Care teams often recommend a thick barrier lotion like Aquaphor for rashes and peeling. Other products are available to help strengthen and protect the nails. For oral side effects, special mouthwashes (for example, dexamethasone) can be used for dry mouth.
Consulting a nutritionist early on is important, as a nutritionist can recommend strategies for coping with mouth problems such as mouth sores, changes in sense of taste, dry mouth, and difficulty swallowing before they become a serious issue that interferes with eating.
For patients with comorbidities, early referral to a nutritionist is important. Additionally, physical therapy for strength maintenance and muscle protection can help patients maintain their quality of life.
One presentation at NCCN noted that a strategy for balancing comorbidity management and myeloma treatment is a drug holiday—that is, a period where a patient does not take any medication. This is particularly an option when the myeloma is well controlled. This strategy can make patients nervous that the myeloma will come roaring back. Care teams, however, are very much on board with drug holidays when appropriate, and they don’t fear that it will affect long-term outcomes.
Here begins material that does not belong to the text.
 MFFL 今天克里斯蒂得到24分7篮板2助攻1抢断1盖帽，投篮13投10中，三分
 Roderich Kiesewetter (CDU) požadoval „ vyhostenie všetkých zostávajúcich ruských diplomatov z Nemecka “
CELMoDs, a new class of myeloma drug, work like immunomodulators such as Revlimid and Pomalyst and are orally administered. They help the immune system recognize and attack myeloma cells, and they kill myeloma cells directly. CELMoDs have been shown to be effective even in patients whose myeloma has become resistant to some treatments.
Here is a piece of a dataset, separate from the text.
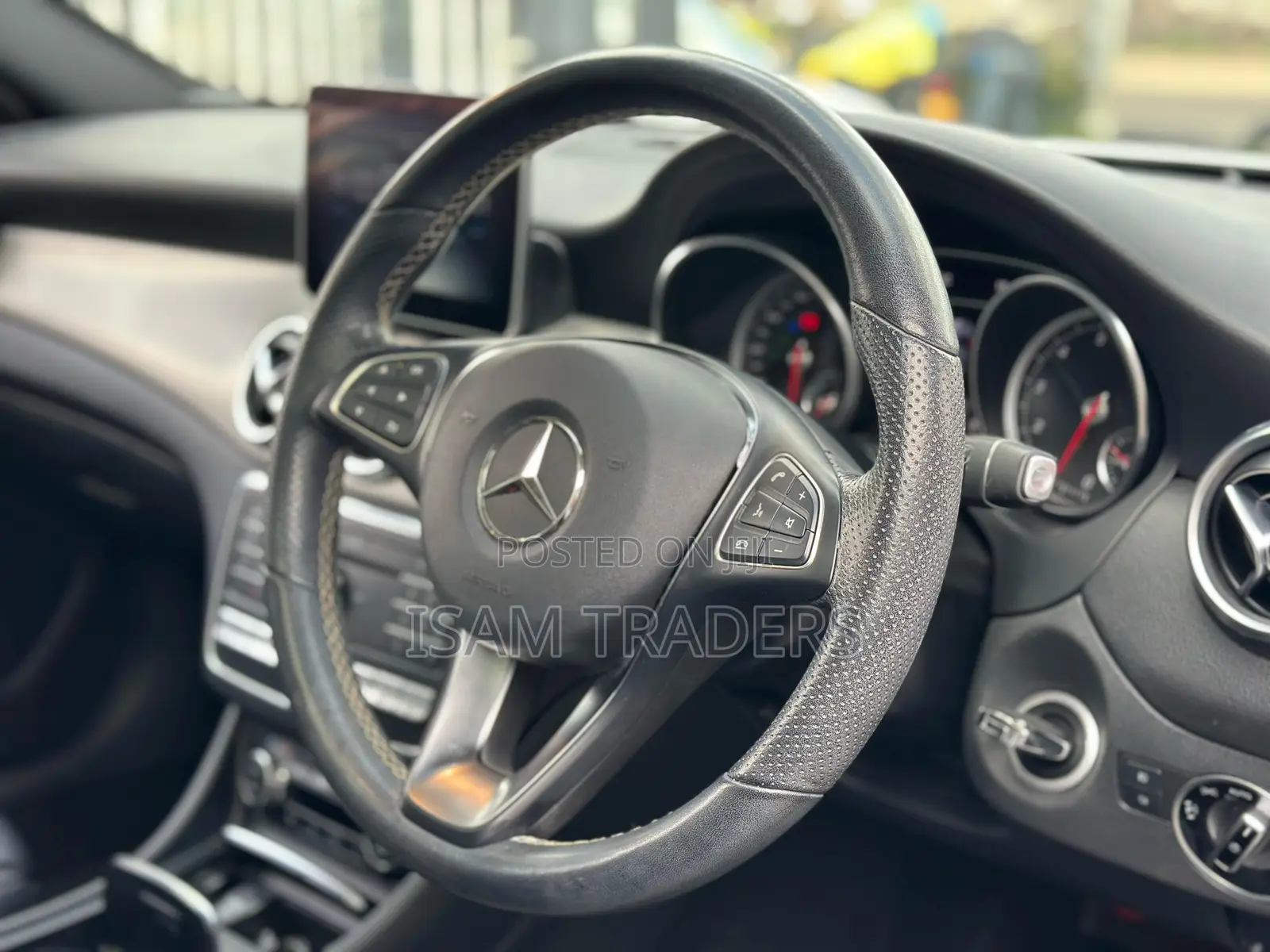 Mercedes-Benz GLA 250 2018 Pearl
One point that came up at JADPRO was the importance of making CELMoDs and oral agents more widely available—for instance, to patients being treated in community facilities. Expanding the availability of these agents would make these treatments accessible to patients who do not live near specialized treatment facilities and could also reduce or eliminate the need for patients to spend time receiving infusions. Overcoming these barriers offers the potential to improve patient quality of life while also providing treatments that have shown to have great responses.
We know that the percentage of myeloma deaths is higher in Black, Latinx, and LGBTQ+ patients, largely because of unequal access to care and lower rates of early detection and screening. The fact that there is an awareness of this discrepancy, and that it’s being discussed, is an important step forward. This is an area that the MMRF is actively addressing by raising awareness among and providing education to care providers.
Other efforts to improve care equity have focused on making participation in clinical trials easier for a broader population of patients. Strategies like offering travel assistance and expense reimbursement, and opening trials in smaller community settings and not just large academic hospitals, allow patients from rural areas to participate.
Finally, helping patients manage treatment-related costs is another area that has received greater attention. This can involve helping patients navigate the ever-changing landscape of insurance or offering programs that provide financial support. Receiving CAR T-cell therapy involves a significant commitment and can disrupt daily life, including work responsibilities. At present, this treatment requires travel to a specialized medical center, which for many patients will be far from home, adding time and logistical challenges. This time away from work and daily life can be a burden, both emotionally and financially. Several organizations have developed programs to provide financial support for treatment-related expenses, such as the cost of medication, travel to a treatment center, and hotels.